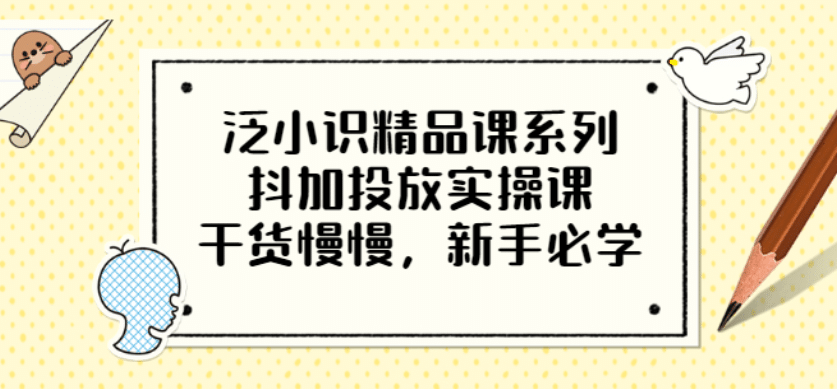 泛小识精品课系列：抖加投放实操课，干货慢慢，新手必学（12节视频课）-小小小弦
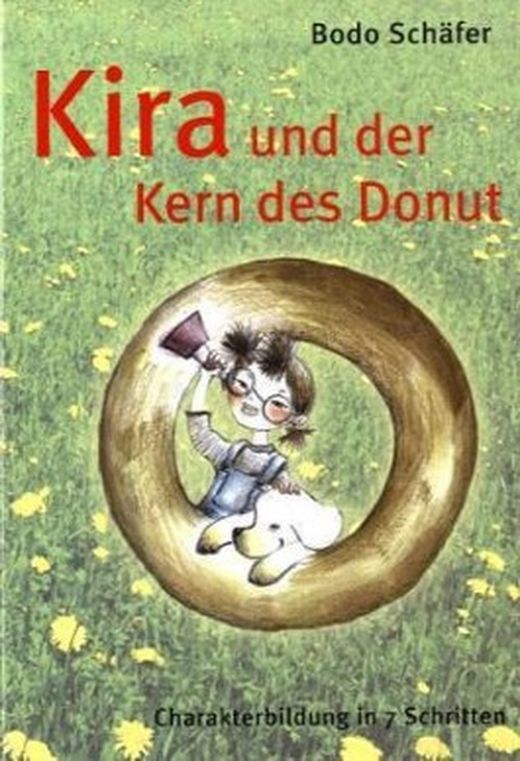 Kira und der Kern des Donut: Kindersachbuch, Bodo Schäfer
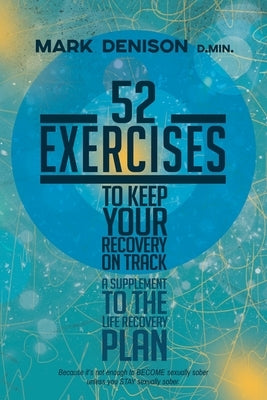 52 Exercises to Keep Your Recovery on Track: A Supplement to the Life Recovery Plan by Denison, Mark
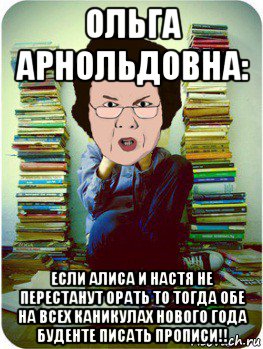 ольга арнольдовна: если алиса и настя не перестанут орать то тогда обе на всех каникулах нового года буденте писать прописи!!, Мем Вчитель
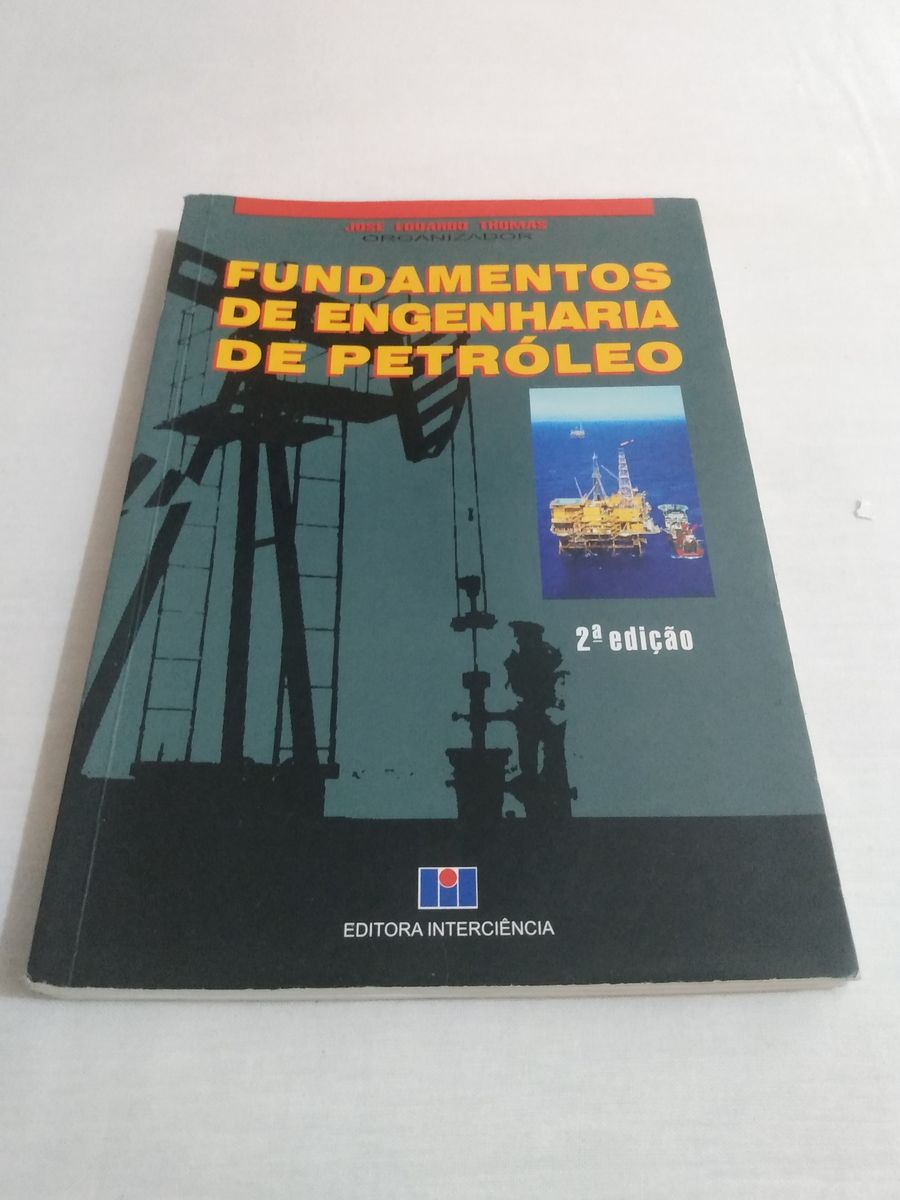 Livro Fundamentos De Engenharia De Petróleo - José Eduardo Thomas Livro ...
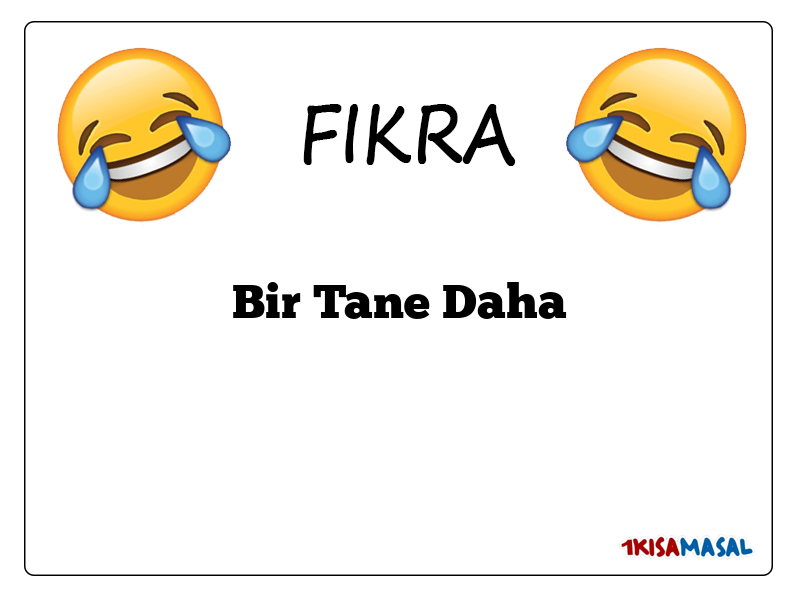 Bir Tane Daha Fıkrası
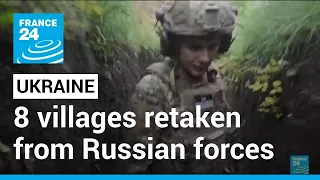 Ukraine says eight villages retaken from Russian forces in two weeks • FRANCE 24 English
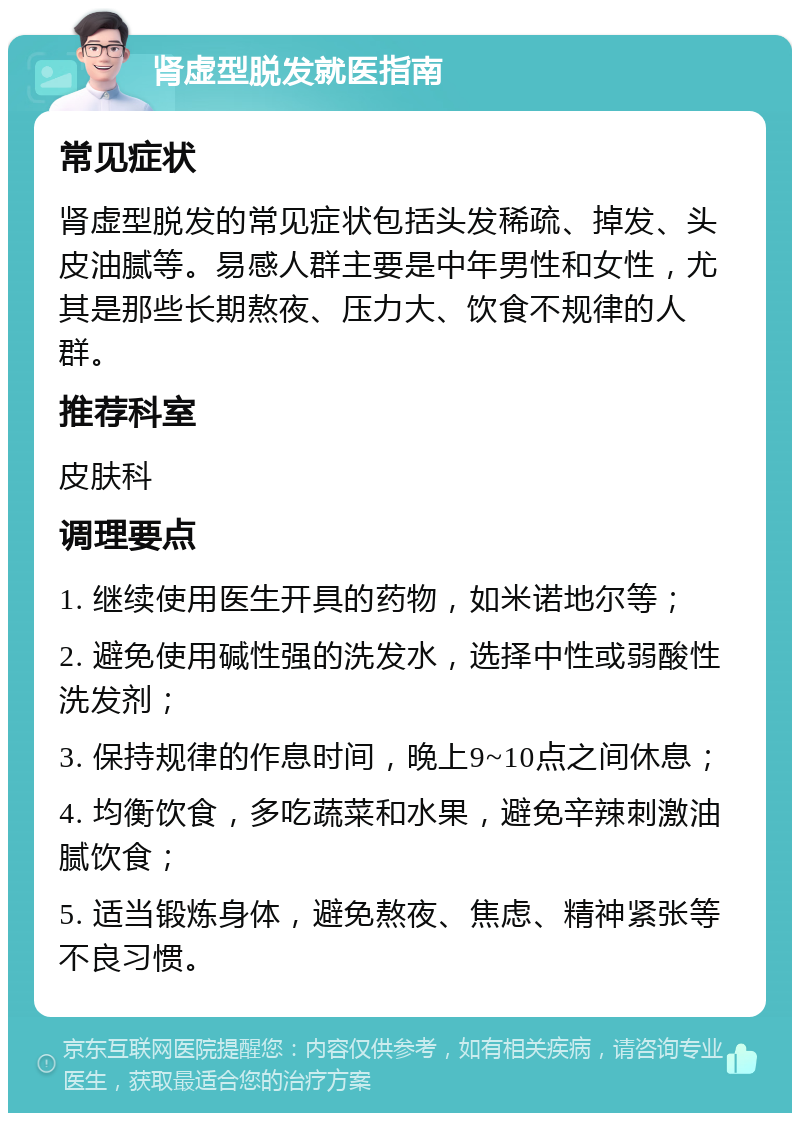 肾虚型脱发就医指南 常见症状 肾虚型脱发的常见症状包括头发稀疏、掉发、头皮油腻等。易感人群主要是中年男性和女性，尤其是那些长期熬夜、压力大、饮食不规律的人群。 推荐科室 皮肤科 调理要点 1. 继续使用医生开具的药物，如米诺地尔等； 2. 避免使用碱性强的洗发水，选择中性或弱酸性洗发剂； 3. 保持规律的作息时间，晚上9~10点之间休息； 4. 均衡饮食，多吃蔬菜和水果，避免辛辣刺激油腻饮食； 5. 适当锻炼身体，避免熬夜、焦虑、精神紧张等不良习惯。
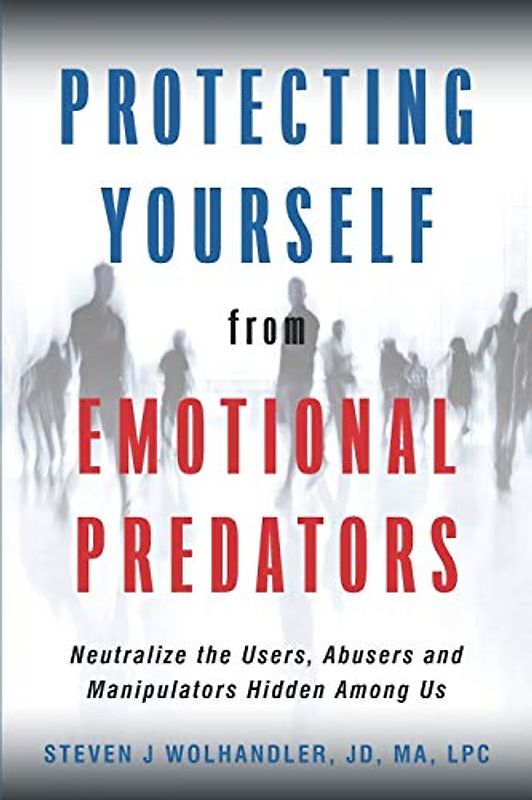Protecting Yourself from Emotional Predators: Neutralize the Users, Abusers and Manipulators Hidden Among Us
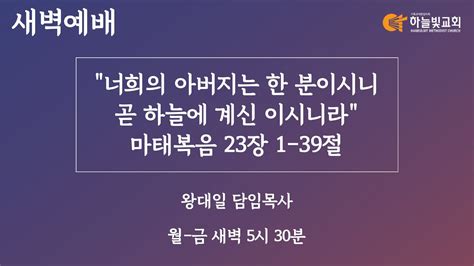 하늘빛교회 새벽기도회ㅣ너희의 아버지는 한 분이시니 곧 하늘에 계신 이시니라 마태복음 231 39ㅣ왕대일 담임목사ㅣ 2023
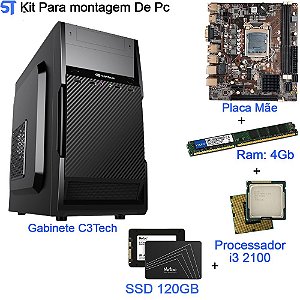 Kit Para Montagem de Computador- Placa Mãe-Processador Core i3 2130- Memória Ram 4GB- HD SSD 120GB- Gabinete C/Fonte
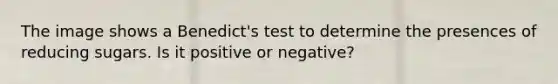 The image shows a Benedict's test to determine the presences of reducing sugars. Is it positive or negative?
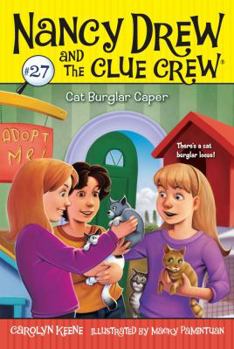 Cat Burglar Caper - Book #27 of the Nancy Drew and the Clue Crew
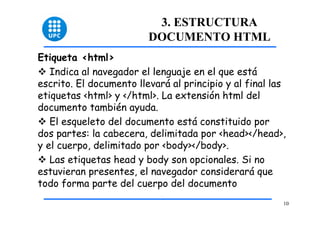 10 
3. ESTRUCTURA 
DOCUMENTO HTML 
Etiqueta <html> 
™ Indica al navegador el lenguaje en el que está 
escrito. El documento llevará al principio y al final las 
etiquetas <html> y </html>. La extensión html del 
documento también ayuda. 
™ El esqueleto del documento está constituido por 
dos partes: la cabecera, delimitada por <head></head>, 
y el cuerpo, delimitado por <body></body>. 
™ Las etiquetas head y body son opcionales. Si no 
estuvieran presentes, el navegador considerará que 
todo forma parte del cuerpo del documento 
 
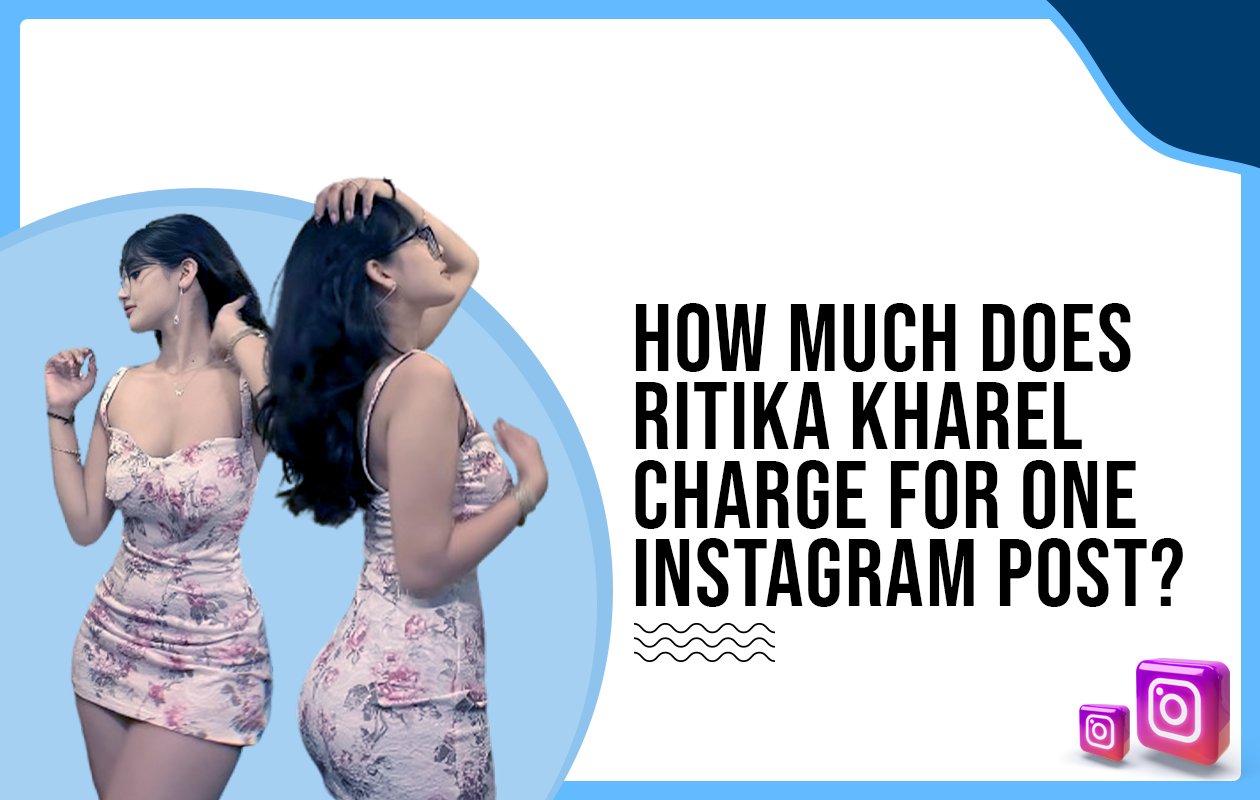 Idiotic Media | How much does Ritika Kharel charge for one Instagram post? Idiotic Media | How much does Ritika Kharel charge for one Instagram post?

# # # #

--- What you will do ---
Go through the records above and write out every line exactly, passing over the pictures.

--- Solved exercise ---
 泛小识精品课系列：抖加投放实操课，干货慢慢，新手必学（12节视频课）-小小小弦
 Kira und der Kern des Donut: Kindersachbuch, Bodo Schäfer
 52 Exercises to Keep Your Recovery on Track: A Supplement to the Life Recovery Plan by Denison, Mark
 ольга арнольдовна: если алиса и настя не перестанут орать то тогда обе на всех каникулах нового года буденте писать прописи!!, Мем Вчитель
 Livro Fundamentos De Engenharia De Petróleo - José Eduardo Thomas Livro ...
 Bir Tane Daha Fıkrası
 Ukraine says eight villages retaken from Russian forces in two weeks • FRANCE 24 English
 肾虚型脱发就医指南 常见症状 肾虚型脱发的常见症状包括头发稀疏、掉发、头皮油腻等。易感人群主要是中年男性和女性，尤其是那些长期熬夜、压力大、饮食不规律的人群。 推荐科室 皮肤科 调理要点 1. 继续使用医生开具的药物，如米诺地尔等； 2. 避免使用碱性强的洗发水，选择中性或弱酸性洗发剂； 3. 保持规律的作息时间，晚上9~10点之间休息； 4. 均衡饮食，多吃蔬菜和水果，避免辛辣刺激油腻饮食； 5. 适当锻炼身体，避免熬夜、焦虑、精神紧张等不良习惯。
Protecting Yourself from Emotional Predators: Neutralize the Users, Abusers and Manipulators Hidden Among Us
 하늘빛교회 새벽기도회ㅣ너희의 아버지는 한 분이시니 곧 하늘에 계신 이시니라 마태복음 231 39ㅣ왕대일 담임목사ㅣ 2023
 Kit Para Montagem de Computador- Placa Mãe-Processador Core i3 2130- Memória Ram 4GB- HD SSD 120GB- Gabinete C/Fonte
 The image shows a Benedict's test to determine the presences of reducing sugars. Is it positive or negative?
 Cat Burglar Caper - Book #27 of the Nancy Drew and the Clue Crew
 10 
3. ESTRUCTURA 
DOCUMENTO HTML 
Etiqueta <html> 
™ Indica al navegador el lenguaje en el que está 
escrito. El documento llevará al principio y al final las 
etiquetas <html> y </html>. La extensión html del 
documento también ayuda. 
™ El esqueleto del documento está constituido por 
dos partes: la cabecera, delimitada por <head></head>, 
y el cuerpo, delimitado por <body></body>. 
™ Las etiquetas head y body son opcionales. Si no 
estuvieran presentes, el navegador considerará que 
todo forma parte del cuerpo del documento 
 
 Idiotic Media | How much does Ritika Kharel charge for one Instagram post? Idiotic Media | How much does Ritika Kharel charge for one Instagram post?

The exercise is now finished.